Seperti diketahui, pada musim 2020, Yamaha merekrut Lorenzo menjadi test rider. Awalnya, kehadiran Lorenzo pun sangat disambut antusias. Apalagi pembalap berpaspor Spanyol itu memiliki banyak pengalaman bersama M1.
Akan tetapi, bencana datang ketika pandemi Covid-19 melanda dunia. Lorenzo tidak berbuat banyak dan Yamaha tak mempekerjakan X-Fuera –julukan Lorenzo– untuk ikut ambil bagian dalam mengembangkan sang motor.
Hal ini kemudian menuai kritikan dari Valentino Rossi. Pasalnya jika berkaca ke tim-tim lain, mereka tetap aktif mempekerjakan para test rider, ketika situasi benar-benar lebih baik ketimbang masa-masa awal di masa pandemi.
Baca juga Ayah Lorenzo: Rossi Berjaya di Masa Lalu karena Lawannya Kurang Hebat
Sayangnya, hal ini tidak dimanfaatkan dengan baik oleh Yamaha.
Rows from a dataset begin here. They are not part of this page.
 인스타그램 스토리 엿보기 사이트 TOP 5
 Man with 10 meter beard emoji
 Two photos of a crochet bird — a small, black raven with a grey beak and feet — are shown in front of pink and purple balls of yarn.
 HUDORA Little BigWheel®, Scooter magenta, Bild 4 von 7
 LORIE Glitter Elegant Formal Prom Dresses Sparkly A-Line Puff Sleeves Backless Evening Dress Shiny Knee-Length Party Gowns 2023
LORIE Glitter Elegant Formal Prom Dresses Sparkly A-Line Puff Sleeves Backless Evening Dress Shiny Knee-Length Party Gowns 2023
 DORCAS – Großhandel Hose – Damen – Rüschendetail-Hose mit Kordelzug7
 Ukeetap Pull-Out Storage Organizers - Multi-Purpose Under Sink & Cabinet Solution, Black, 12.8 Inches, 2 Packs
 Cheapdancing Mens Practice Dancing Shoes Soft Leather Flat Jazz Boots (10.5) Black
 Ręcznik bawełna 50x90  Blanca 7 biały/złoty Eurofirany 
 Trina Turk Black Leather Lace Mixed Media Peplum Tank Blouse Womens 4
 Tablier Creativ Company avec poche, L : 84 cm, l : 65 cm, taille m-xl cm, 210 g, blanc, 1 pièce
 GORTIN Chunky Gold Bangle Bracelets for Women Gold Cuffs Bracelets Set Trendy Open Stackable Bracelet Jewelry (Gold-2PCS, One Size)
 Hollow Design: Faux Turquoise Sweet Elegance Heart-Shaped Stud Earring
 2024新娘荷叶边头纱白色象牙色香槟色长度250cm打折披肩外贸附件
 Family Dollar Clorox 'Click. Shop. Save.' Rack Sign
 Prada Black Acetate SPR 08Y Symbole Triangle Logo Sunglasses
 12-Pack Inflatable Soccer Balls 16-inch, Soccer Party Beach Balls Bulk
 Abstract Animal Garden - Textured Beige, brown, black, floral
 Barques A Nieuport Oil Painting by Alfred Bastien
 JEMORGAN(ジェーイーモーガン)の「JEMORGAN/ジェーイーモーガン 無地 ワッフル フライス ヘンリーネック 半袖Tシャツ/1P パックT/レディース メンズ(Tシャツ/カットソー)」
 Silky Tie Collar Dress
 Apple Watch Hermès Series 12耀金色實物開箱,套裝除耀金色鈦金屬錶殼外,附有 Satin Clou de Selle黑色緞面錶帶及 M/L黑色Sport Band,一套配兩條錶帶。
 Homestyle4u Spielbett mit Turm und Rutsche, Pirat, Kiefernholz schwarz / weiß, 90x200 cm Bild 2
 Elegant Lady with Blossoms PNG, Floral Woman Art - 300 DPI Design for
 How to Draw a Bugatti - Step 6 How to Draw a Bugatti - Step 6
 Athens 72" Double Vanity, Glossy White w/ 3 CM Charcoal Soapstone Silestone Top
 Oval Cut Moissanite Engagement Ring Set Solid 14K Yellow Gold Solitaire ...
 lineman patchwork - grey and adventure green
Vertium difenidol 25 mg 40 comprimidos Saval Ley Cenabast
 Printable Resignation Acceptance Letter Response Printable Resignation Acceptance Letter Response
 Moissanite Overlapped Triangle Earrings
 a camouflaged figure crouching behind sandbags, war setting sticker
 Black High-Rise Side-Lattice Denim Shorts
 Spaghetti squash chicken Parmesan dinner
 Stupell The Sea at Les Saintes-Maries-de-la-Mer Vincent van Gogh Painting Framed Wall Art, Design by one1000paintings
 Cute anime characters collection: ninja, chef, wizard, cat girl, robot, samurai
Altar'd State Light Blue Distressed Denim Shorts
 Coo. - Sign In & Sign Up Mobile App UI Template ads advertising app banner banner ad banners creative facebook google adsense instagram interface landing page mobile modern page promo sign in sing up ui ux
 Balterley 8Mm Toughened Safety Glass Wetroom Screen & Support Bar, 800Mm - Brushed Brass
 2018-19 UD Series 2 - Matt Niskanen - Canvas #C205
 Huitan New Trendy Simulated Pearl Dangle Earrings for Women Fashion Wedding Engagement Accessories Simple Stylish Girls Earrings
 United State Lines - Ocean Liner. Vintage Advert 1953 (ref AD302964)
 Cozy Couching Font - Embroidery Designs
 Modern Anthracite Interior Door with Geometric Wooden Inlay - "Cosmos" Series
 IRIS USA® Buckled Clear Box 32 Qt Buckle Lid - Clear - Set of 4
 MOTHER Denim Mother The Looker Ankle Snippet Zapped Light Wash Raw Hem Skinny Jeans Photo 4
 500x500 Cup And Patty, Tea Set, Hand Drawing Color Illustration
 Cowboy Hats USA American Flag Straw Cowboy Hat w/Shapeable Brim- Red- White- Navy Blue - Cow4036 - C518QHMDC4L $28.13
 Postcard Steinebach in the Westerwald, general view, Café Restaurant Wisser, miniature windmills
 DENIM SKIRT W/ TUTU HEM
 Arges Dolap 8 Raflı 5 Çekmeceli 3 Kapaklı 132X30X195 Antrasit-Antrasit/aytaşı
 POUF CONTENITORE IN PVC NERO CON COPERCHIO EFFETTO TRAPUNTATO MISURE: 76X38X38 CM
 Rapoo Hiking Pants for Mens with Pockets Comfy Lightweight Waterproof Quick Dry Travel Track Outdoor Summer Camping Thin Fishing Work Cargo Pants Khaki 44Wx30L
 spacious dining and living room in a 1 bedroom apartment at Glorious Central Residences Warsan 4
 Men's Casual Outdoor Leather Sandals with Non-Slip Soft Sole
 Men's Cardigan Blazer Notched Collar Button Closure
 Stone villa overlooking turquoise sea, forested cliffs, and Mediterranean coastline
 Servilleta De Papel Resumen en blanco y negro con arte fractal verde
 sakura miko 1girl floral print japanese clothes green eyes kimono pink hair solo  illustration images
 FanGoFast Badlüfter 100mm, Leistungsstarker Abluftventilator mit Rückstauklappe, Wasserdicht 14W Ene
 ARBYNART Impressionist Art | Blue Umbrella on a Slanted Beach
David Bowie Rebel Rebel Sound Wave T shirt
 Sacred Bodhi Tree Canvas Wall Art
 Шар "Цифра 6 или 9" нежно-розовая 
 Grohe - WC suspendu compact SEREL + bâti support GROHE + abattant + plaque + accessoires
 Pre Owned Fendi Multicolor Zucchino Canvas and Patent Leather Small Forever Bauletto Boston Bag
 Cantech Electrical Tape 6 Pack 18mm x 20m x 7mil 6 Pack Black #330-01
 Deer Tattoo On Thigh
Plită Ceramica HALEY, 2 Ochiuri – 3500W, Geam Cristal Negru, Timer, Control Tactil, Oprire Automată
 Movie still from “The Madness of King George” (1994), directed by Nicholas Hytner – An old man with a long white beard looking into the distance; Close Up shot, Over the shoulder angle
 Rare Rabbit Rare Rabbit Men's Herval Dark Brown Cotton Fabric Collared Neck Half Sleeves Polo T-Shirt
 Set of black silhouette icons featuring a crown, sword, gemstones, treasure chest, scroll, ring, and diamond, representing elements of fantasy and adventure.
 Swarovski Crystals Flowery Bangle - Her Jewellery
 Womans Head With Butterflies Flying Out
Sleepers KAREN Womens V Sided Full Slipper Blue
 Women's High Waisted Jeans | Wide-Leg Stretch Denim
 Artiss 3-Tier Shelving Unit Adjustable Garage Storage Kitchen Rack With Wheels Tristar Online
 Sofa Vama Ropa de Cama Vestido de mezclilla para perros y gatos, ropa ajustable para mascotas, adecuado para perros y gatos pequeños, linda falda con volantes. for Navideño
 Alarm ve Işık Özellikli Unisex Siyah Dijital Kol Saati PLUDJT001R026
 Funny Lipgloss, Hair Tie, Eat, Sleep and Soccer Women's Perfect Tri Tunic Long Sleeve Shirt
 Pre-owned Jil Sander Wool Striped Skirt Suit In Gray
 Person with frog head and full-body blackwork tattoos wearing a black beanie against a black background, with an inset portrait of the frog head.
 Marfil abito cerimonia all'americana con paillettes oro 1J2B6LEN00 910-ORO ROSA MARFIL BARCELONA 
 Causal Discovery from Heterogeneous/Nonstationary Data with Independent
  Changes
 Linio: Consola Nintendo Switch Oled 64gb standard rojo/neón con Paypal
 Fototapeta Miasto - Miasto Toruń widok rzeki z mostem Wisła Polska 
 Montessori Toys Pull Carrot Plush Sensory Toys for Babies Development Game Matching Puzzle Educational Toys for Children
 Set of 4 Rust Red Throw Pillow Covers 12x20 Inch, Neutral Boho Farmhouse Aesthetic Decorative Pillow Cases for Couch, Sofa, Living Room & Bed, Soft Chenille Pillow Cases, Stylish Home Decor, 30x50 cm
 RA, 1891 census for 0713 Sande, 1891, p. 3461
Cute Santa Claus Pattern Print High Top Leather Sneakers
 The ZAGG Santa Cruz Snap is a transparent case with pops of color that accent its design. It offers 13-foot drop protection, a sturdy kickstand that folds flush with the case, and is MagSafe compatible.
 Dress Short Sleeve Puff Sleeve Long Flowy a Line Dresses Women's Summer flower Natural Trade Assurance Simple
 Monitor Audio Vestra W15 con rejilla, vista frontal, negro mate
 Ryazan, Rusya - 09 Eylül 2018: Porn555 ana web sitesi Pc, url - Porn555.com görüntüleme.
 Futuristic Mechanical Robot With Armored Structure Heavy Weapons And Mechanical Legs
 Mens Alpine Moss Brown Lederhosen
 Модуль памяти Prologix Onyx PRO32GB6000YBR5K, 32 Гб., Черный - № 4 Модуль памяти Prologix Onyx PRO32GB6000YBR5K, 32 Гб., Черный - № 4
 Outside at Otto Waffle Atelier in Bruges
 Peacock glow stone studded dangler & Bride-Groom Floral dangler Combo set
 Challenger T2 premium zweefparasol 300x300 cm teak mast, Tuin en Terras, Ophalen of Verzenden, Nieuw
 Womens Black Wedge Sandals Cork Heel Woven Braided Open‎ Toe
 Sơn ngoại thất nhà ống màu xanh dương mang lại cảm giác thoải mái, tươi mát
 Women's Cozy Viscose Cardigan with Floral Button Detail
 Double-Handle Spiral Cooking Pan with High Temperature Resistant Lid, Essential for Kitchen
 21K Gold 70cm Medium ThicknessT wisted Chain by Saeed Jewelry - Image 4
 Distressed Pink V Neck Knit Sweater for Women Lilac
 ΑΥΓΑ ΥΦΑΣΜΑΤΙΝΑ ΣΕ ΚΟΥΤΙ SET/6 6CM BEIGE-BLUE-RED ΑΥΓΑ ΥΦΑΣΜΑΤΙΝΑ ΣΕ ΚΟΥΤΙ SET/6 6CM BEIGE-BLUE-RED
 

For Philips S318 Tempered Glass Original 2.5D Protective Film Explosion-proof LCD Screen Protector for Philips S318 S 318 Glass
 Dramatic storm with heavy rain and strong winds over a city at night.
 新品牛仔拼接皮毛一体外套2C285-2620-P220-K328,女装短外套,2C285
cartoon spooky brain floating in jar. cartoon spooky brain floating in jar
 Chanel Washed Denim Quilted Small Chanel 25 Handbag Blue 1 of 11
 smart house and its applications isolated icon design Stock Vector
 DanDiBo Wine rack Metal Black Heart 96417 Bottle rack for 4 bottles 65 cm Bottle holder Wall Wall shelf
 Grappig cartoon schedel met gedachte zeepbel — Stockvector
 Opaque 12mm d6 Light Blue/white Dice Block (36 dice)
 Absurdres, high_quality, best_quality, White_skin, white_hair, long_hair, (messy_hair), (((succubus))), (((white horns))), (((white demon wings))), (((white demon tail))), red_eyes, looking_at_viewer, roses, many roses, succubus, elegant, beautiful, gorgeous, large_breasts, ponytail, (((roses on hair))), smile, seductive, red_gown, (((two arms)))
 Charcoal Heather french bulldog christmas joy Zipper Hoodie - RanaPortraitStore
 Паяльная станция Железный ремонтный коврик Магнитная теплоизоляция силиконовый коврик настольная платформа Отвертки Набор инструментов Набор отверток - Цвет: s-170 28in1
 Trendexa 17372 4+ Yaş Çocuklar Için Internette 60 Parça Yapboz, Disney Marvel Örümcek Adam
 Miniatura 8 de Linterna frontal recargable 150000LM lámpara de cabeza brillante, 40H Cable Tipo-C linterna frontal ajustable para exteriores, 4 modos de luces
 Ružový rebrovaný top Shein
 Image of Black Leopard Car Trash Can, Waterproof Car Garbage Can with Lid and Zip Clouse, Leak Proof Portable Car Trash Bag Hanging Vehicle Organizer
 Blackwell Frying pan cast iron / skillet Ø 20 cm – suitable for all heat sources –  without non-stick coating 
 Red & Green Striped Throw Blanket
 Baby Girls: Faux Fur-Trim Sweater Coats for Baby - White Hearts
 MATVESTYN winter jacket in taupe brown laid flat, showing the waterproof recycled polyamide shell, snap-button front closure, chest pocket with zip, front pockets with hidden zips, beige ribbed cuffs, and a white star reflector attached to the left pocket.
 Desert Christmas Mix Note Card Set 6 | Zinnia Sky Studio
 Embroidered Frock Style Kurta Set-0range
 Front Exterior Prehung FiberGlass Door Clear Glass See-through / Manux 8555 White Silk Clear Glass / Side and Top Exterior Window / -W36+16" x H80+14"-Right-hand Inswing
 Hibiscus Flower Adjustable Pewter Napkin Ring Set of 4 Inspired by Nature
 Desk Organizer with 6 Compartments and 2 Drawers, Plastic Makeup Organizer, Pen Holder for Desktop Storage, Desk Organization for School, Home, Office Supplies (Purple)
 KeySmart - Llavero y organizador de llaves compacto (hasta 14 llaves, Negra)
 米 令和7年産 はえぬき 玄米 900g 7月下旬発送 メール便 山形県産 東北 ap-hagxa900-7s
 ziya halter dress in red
Karena itu, VR46 menilai hasil buruk Yamaha pada musim ini bisa didapat dari minimnya kinerja test rider. Padahal dengan keberadaan Lorenzo, Valentino Rossi berharap M1 bisa berkembang lebih maju.
“Ada masalah mendasar. Sebelum tahun 2020, semua pabrikan lain memiliki tim penguji yang sangat aktif yang sedang melakukan perjalanan di Eropa, dengan pembalap Eropa seperto Pirro, Bradl, Pedrosa,” ungkap Valentino Rossi, mengutip dari Paddock-GP, Selasa (15/12/2020).